### Your task
Exactly and only the lines below from the one containing "Denizli belediyesi ihtiyaç" down to the one containing "Air Jordan 4 Retro withe blue" are wanted, both included; please exclude every picture.

### Recorded information
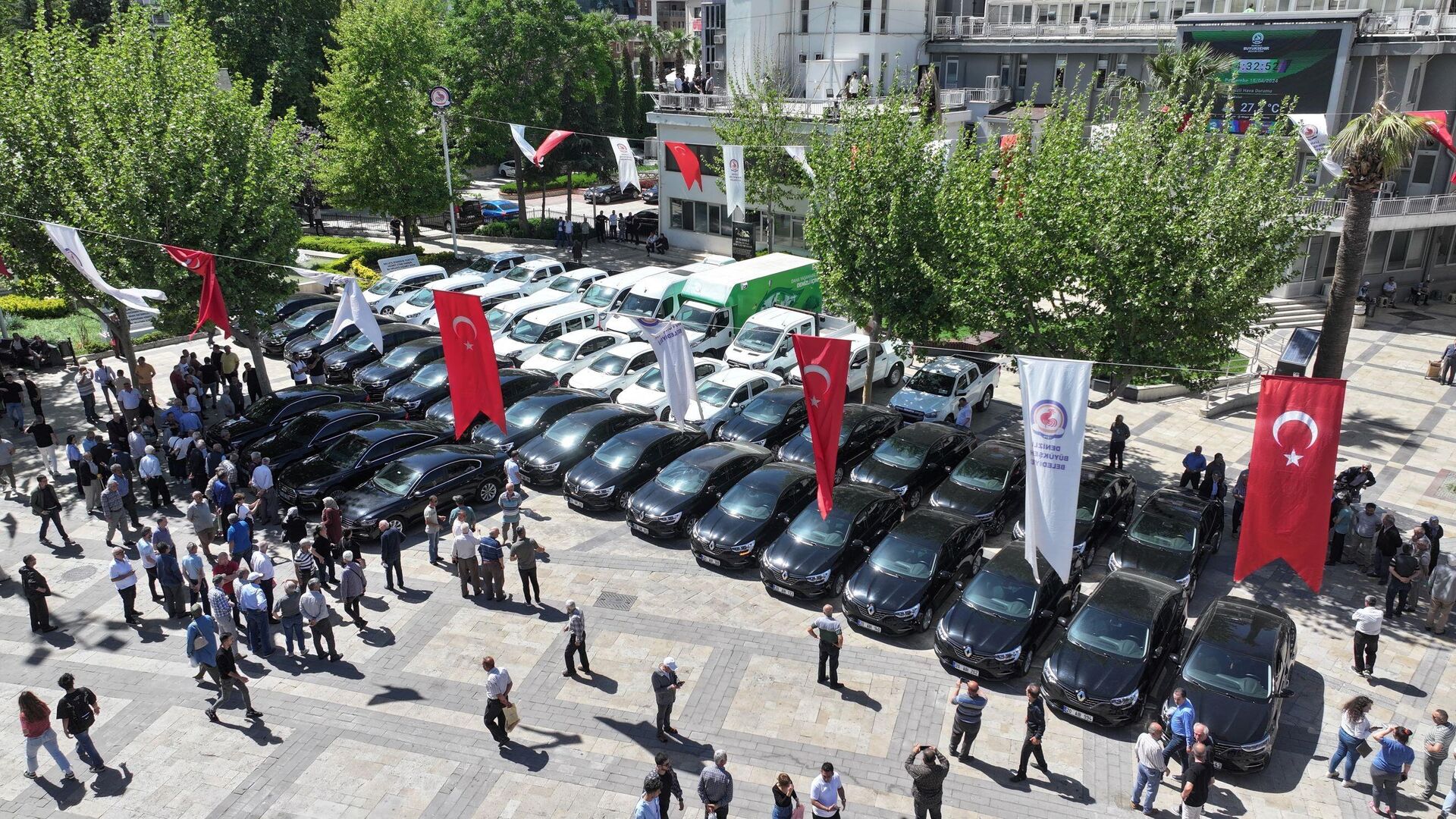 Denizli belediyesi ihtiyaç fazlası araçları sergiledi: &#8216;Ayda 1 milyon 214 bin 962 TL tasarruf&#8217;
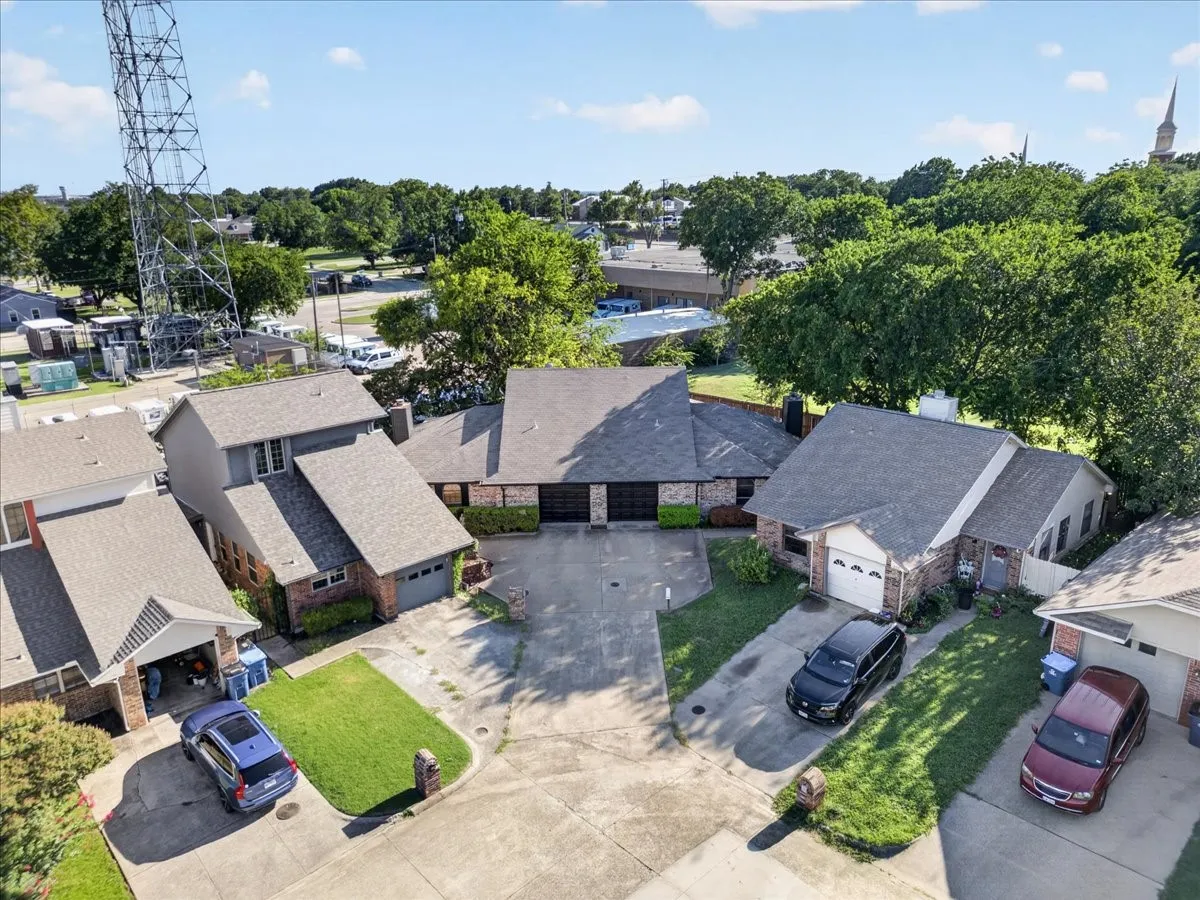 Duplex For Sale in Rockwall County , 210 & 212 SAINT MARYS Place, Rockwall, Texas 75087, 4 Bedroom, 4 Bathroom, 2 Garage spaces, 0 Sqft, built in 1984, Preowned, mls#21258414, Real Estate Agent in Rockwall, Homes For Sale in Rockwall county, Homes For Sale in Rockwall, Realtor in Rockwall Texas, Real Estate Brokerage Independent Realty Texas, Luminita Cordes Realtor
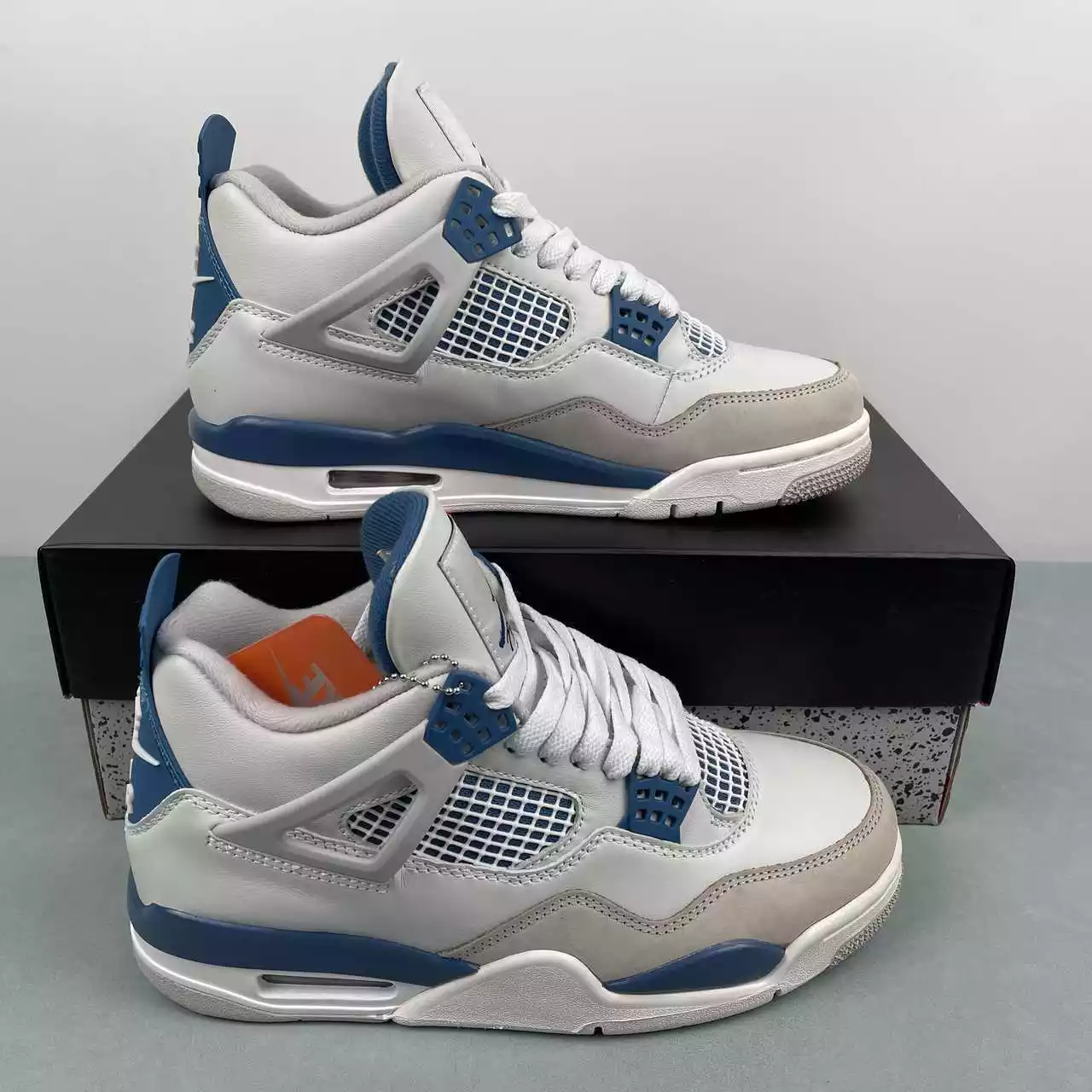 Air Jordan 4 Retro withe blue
==
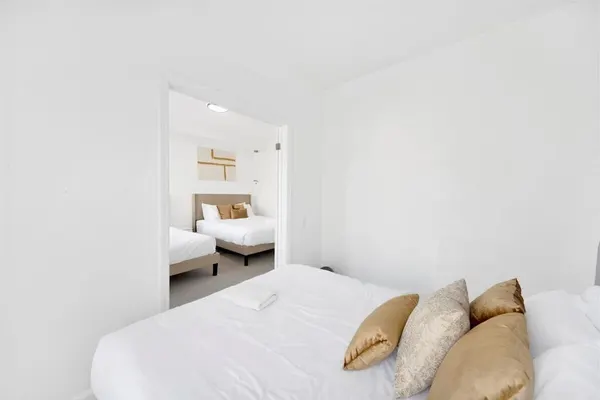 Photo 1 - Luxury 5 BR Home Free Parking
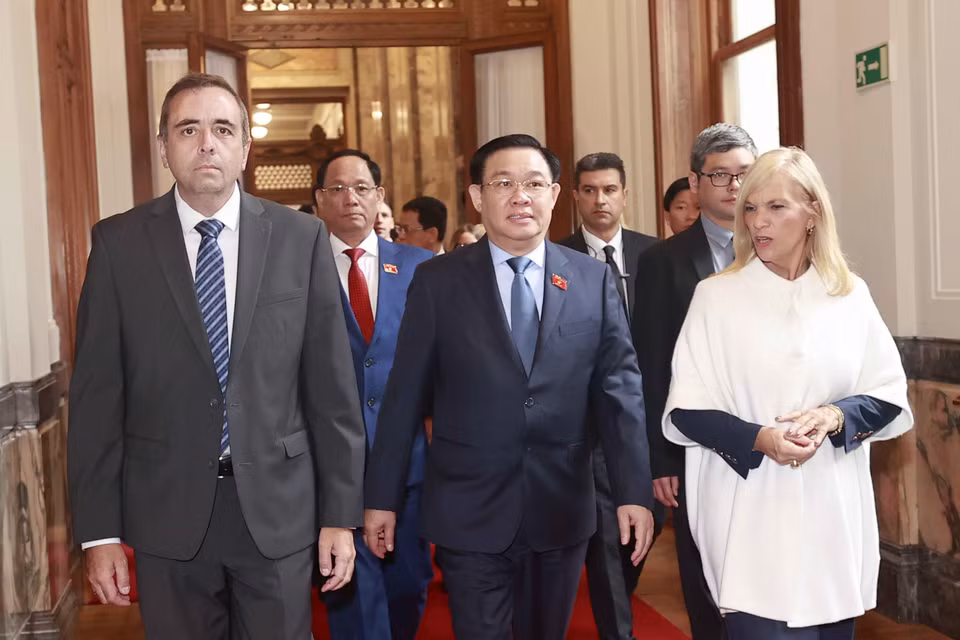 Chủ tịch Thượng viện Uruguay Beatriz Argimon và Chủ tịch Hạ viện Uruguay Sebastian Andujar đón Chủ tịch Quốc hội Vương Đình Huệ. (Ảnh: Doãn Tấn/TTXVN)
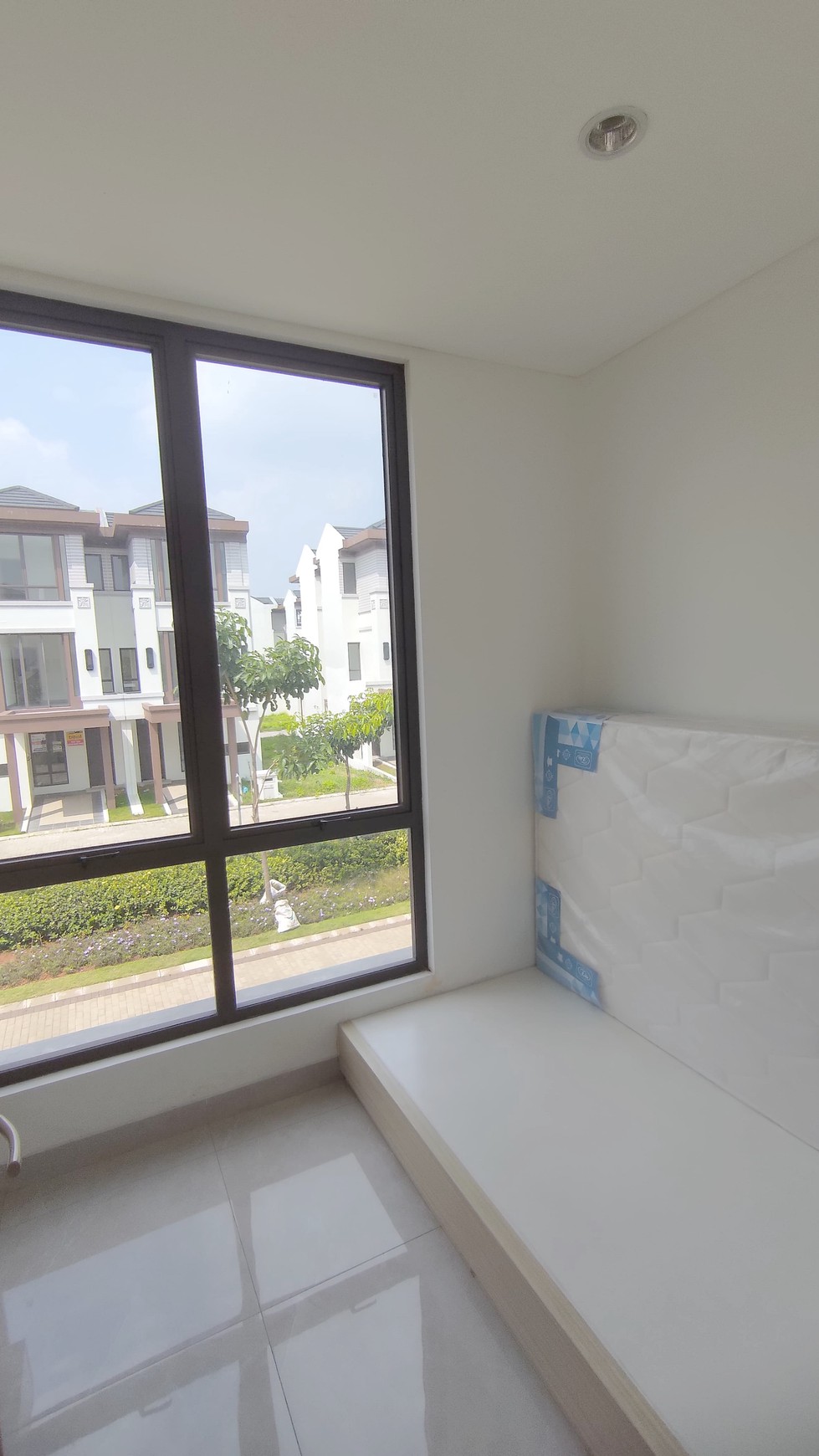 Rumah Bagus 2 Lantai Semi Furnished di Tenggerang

### Task solution
 Denizli belediyesi ihtiyaç fazlası araçları sergiledi: &#8216;Ayda 1 milyon 214 bin 962 TL tasarruf&#8217;
 Duplex For Sale in Rockwall County , 210 & 212 SAINT MARYS Place, Rockwall, Texas 75087, 4 Bedroom, 4 Bathroom, 2 Garage spaces, 0 Sqft, built in 1984, Preowned, mls#21258414, Real Estate Agent in Rockwall, Homes For Sale in Rockwall county, Homes For Sale in Rockwall, Realtor in Rockwall Texas, Real Estate Brokerage Independent Realty Texas, Luminita Cordes Realtor
 Air Jordan 4 Retro withe blue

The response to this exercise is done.